Scope and expire state aggressively. Prefer per-user, per-task isolation over shared mutable memory. Apply TTLs and forgetting so dormant content cannot wait indefinitely for a resume. Avoid append-only designs for anything that feeds back into prompts.
Monitor for delayed and cross-session effects, not just immediate ones. Detection that only checks the turn an input arrives in will miss checkpoint-and-resume. Watch for anomalous reads of memory, unexpected egress, and behavior that diverges from the current user’s request.
Constrain exfiltration paths from the agent context. Most stored-injection payoffs end in an outbound action — a message, a tool call, a fetch.

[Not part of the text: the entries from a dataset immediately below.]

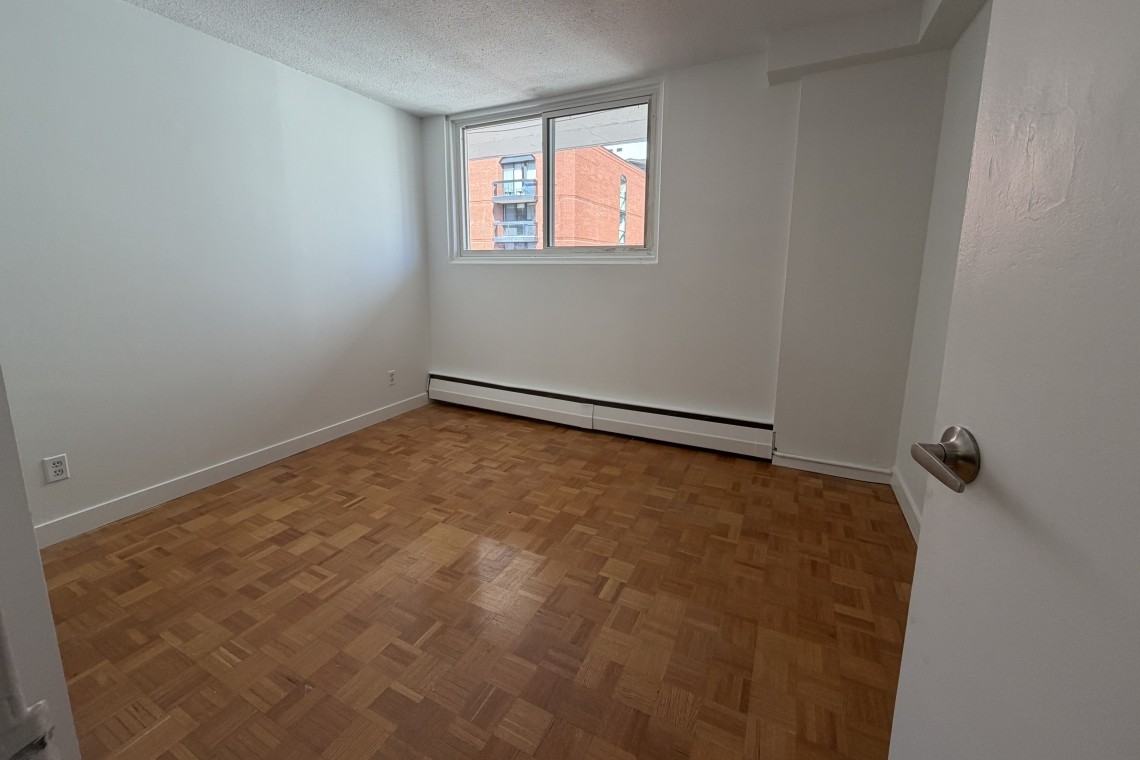 125 Somerset St. W. - Photo 5 of 28
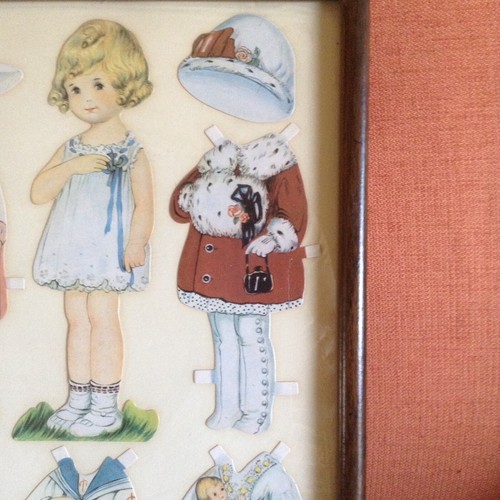 Adorable Vintage Antique Framed 20s Paper Doll w/ Several Outfits 11.5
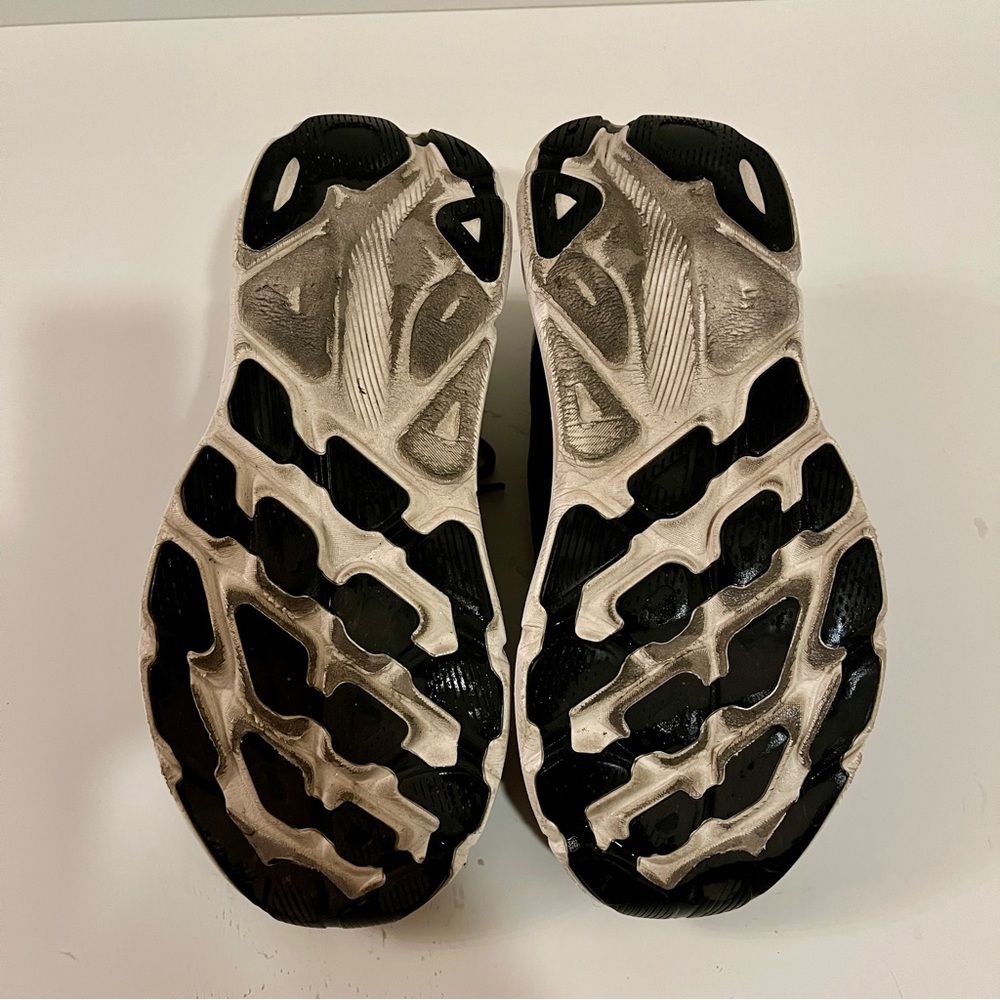 Hoka Clifton 9, Men's 9.5D - Picture 8 of 8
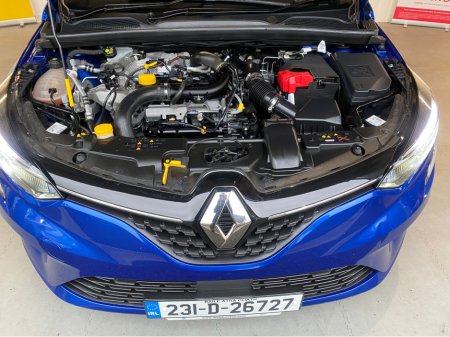 2023 Renault Clio - thumbnail 13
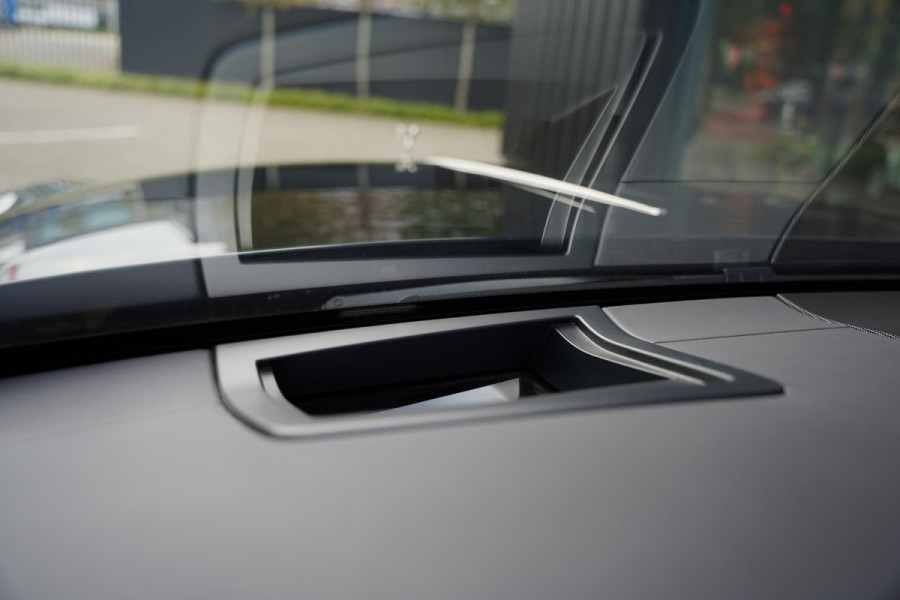 Rolls-Royce Dawn 6.6 V12 Dark Emerald 19 D.Km Bespoke Audio Teak Dek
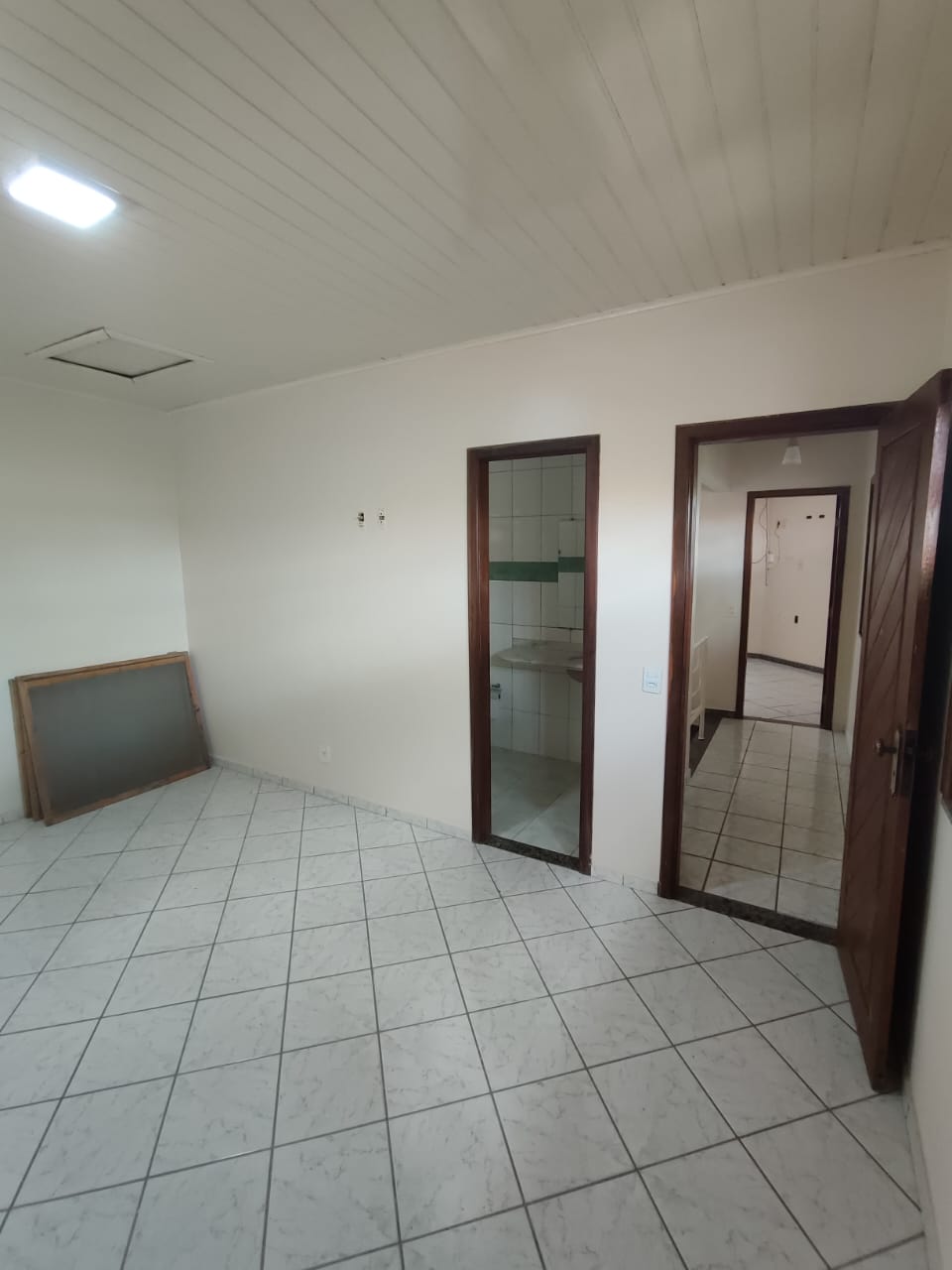 Vende Casa com Quintal Amplo no Bairro Dinah Borges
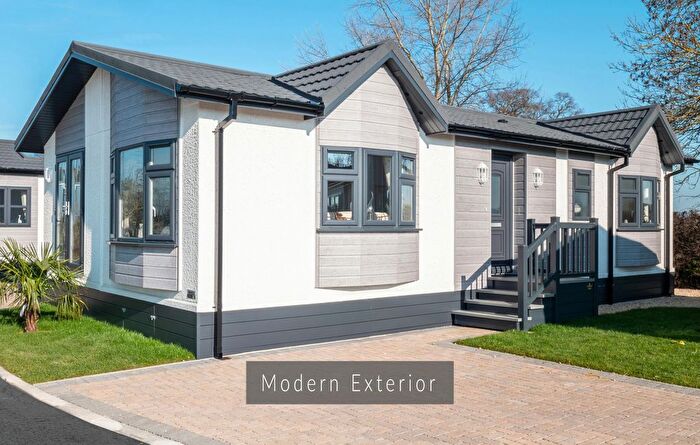 2 Bedroom Park Home For Sale In Merry Hill Country Park, Honingham, Norwich, NR9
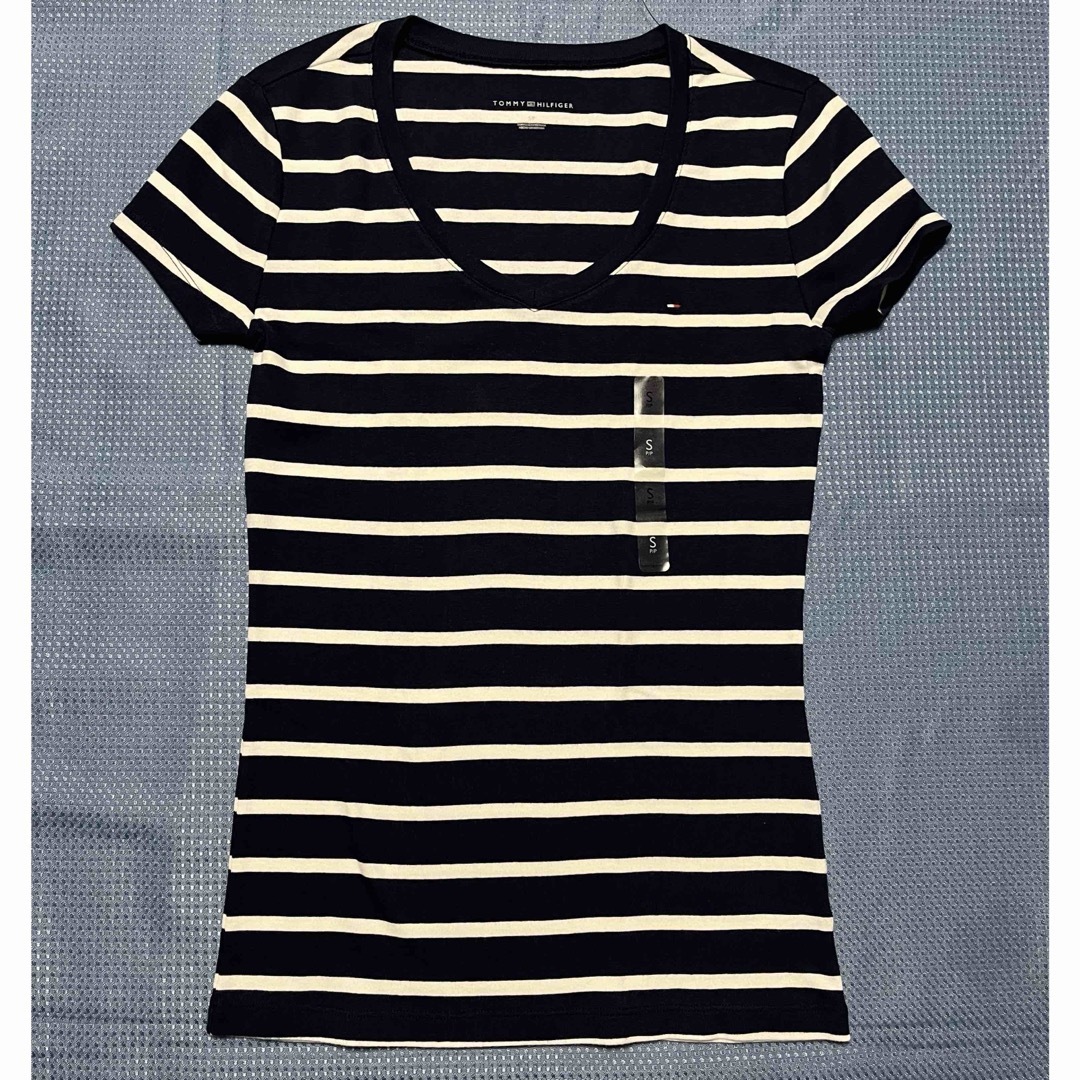 TOMMY HILFIGER(トミーヒルフィガー)のTommy Hilfiger  Tシャツ　ネイビーボーダー レディースのトップス(Tシャツ(半袖/袖なし))の商品写真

Least-privilege tooling and egress monitoring shrink what a reactivated instruction can accomplish.

Status

Aspect	Reflected (classic) prompt injection	Cross-session stored prompt injection
Lifetime	One context window	Persists in memory / files / checkpoints
Trigger	The turn that delivers it	A later run that re-reads the state
Victim	The current session	Future sessions, possibly other users
Detection window	Immediate	Delayed (days), survives monitoring resets
Primary control	Input/output guardrails	Provenance-aware state, write gating, isolation

The takeaway from the June 2026 paper is not a new exploit but a shift in threat model: in a stateful agent, the durable artifact is the vulnerability. A single injection that reaches persistent state buys an attacker time and reach that a single-turn injection never could, and defenses designed only for the current context window will keep missing it.